<<<<

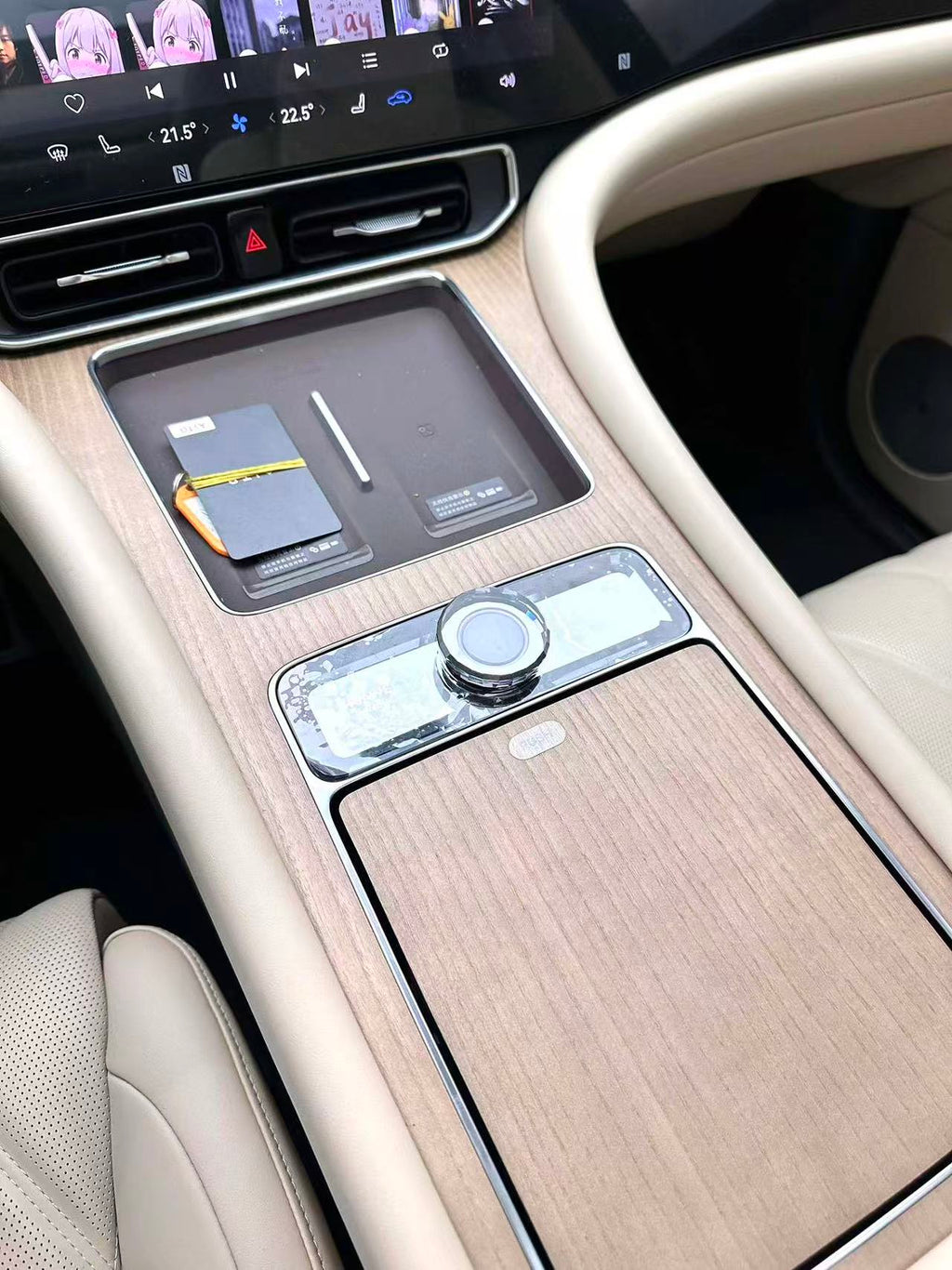 AITO Wenjie M9 2025 Ultra EREV 52kWh — 6-Seat | 8,000km | Zero Claims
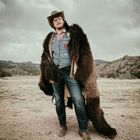 Willi Carlisle (US) & Creekbed Carter Hogan (US)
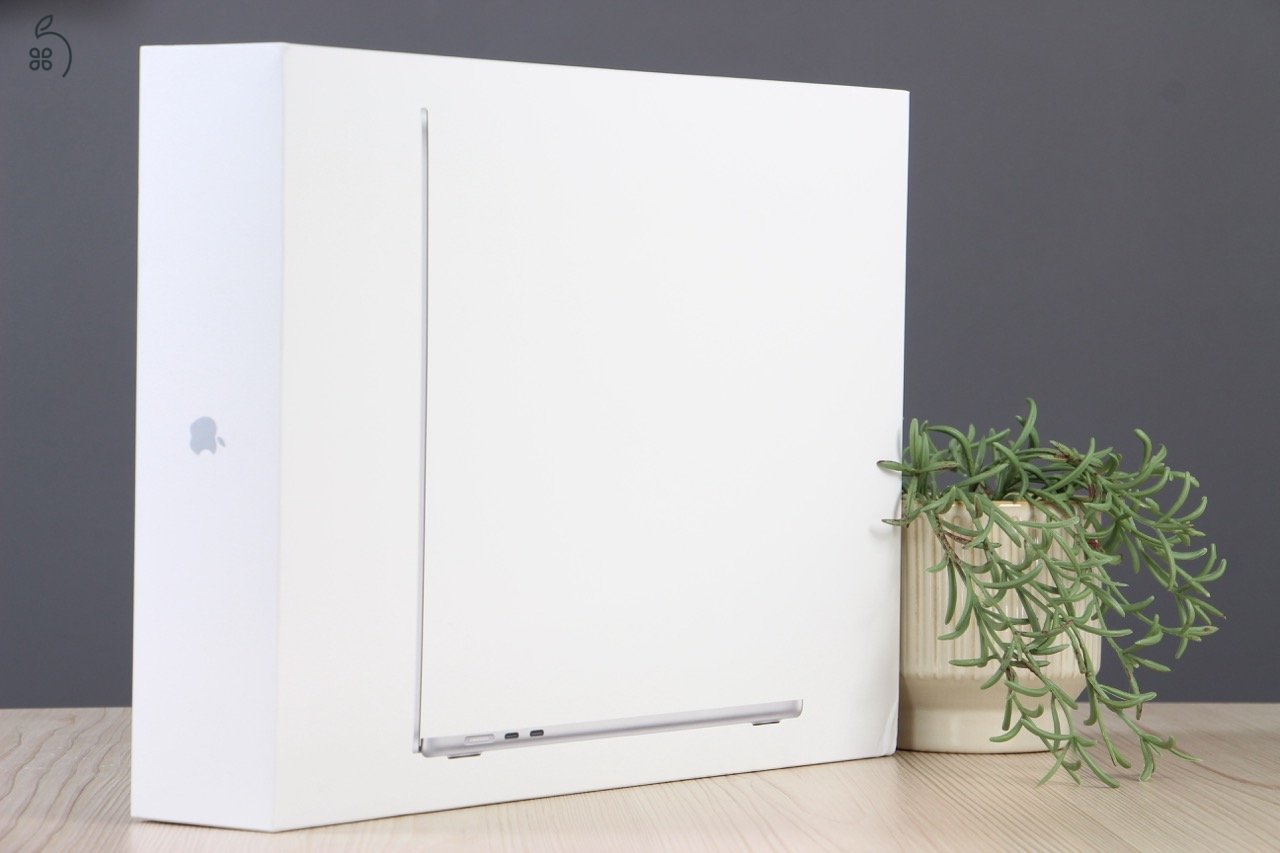 Eladó: MacBook Air 15” M4 – 16GB / 256GB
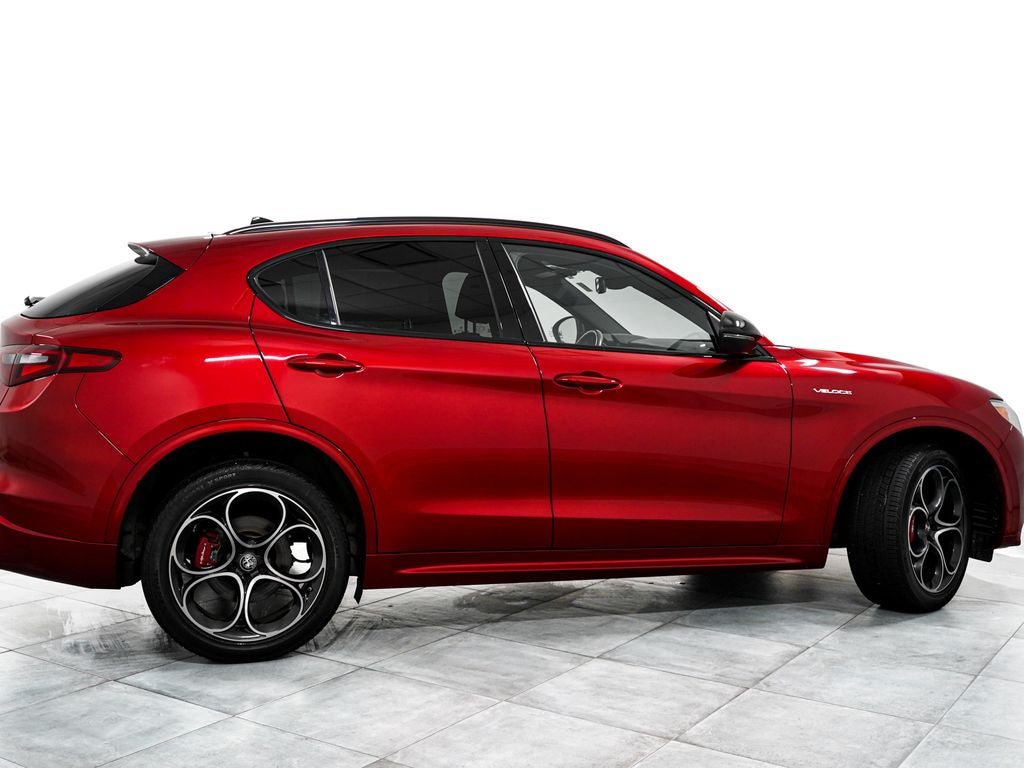 Used 2023 Alfa Romeo Stelvio Veloce AWD/4WD image 7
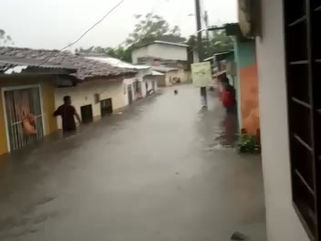 Guacari. Corregimiento de Sonso, desbordamiento del río.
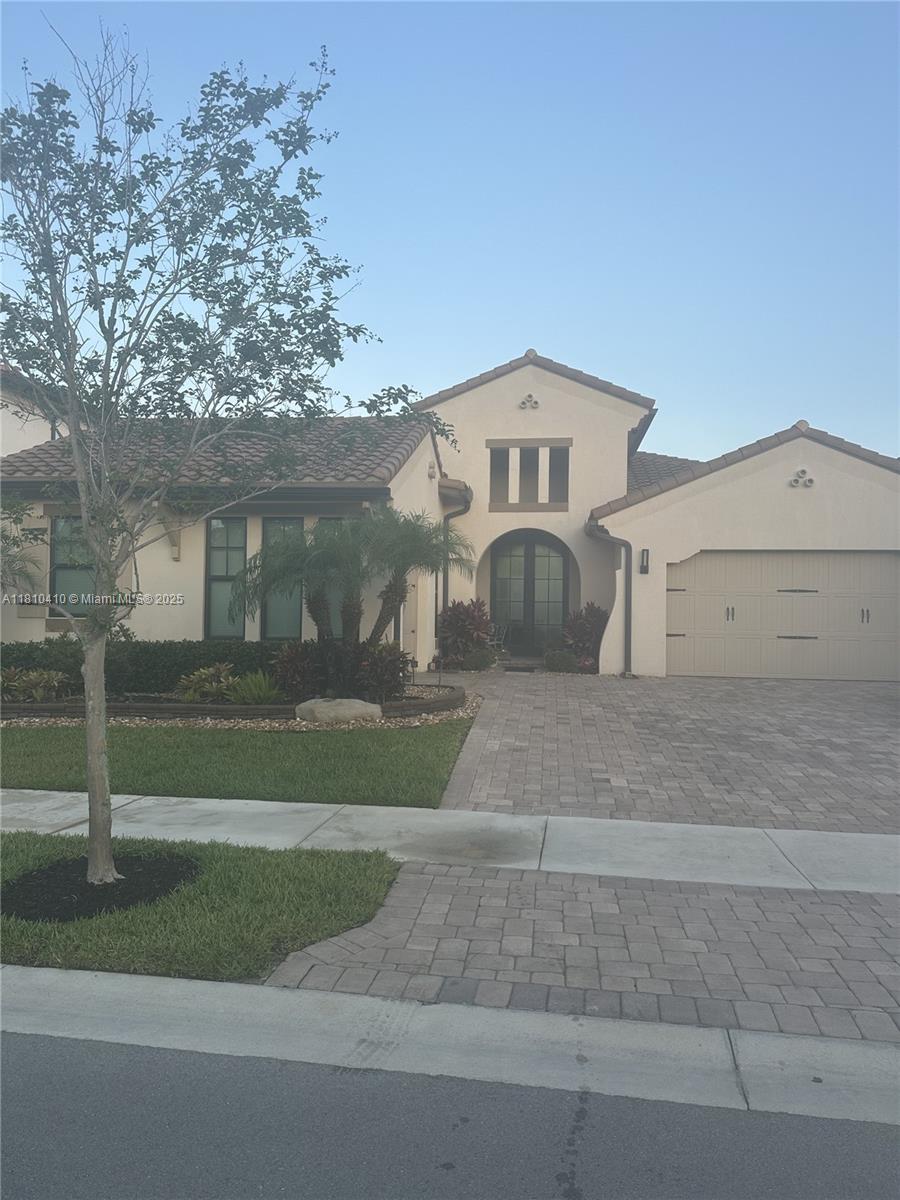 9225 Parkland Bay Dr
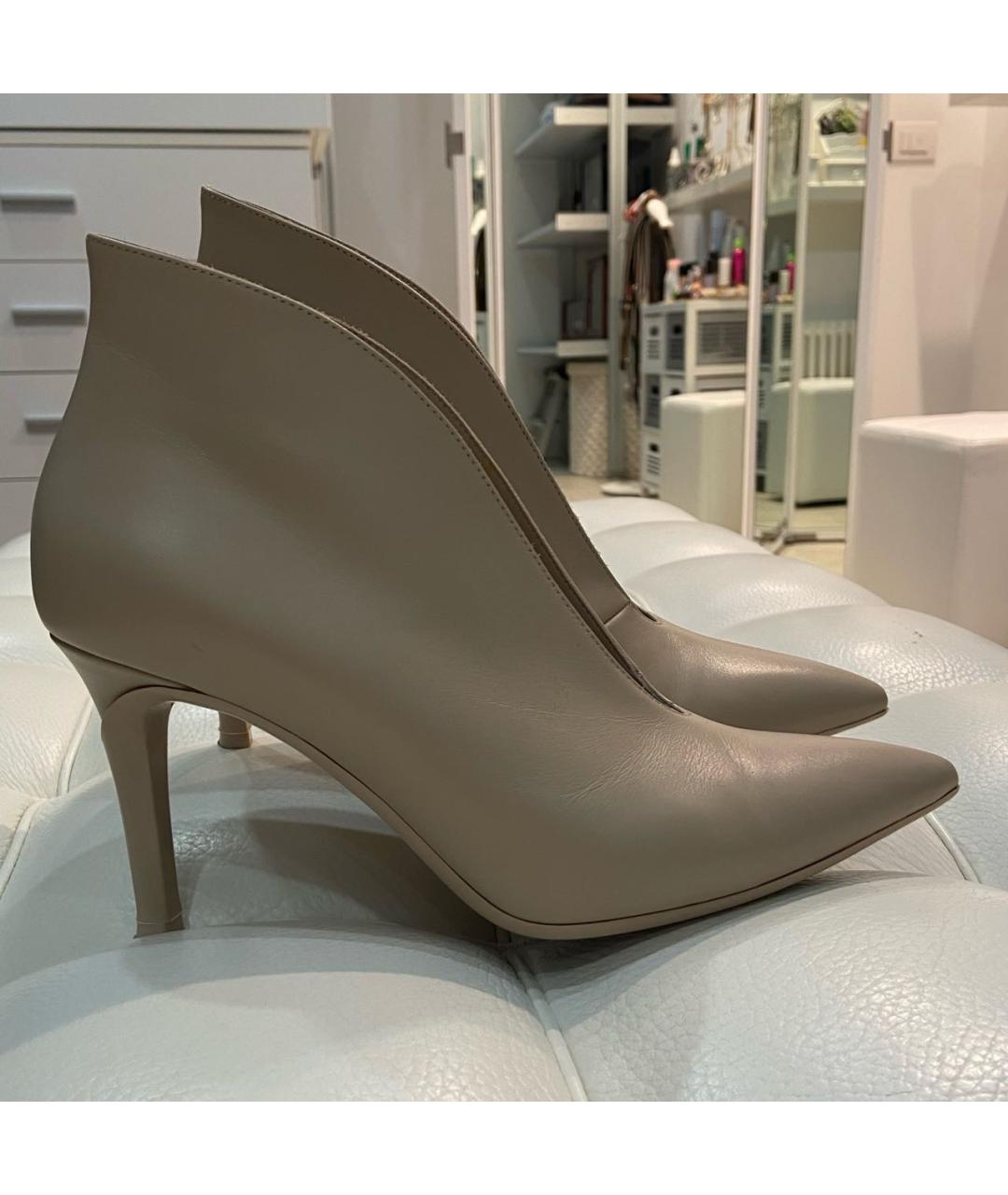 GIANVITO ROSSI Бежевые кожаные туфли, фото 8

>>>>

■ What is required: Using the material above, restate word for word the lines from the line that has "Guacari. Corregimiento de" to the last line, inclusive, with pictures omitted.

■ Result for this exercise:
 Guacari. Corregimiento de Sonso, desbordamiento del río.
 9225 Parkland Bay Dr
 GIANVITO ROSSI Бежевые кожаные туфли, фото 8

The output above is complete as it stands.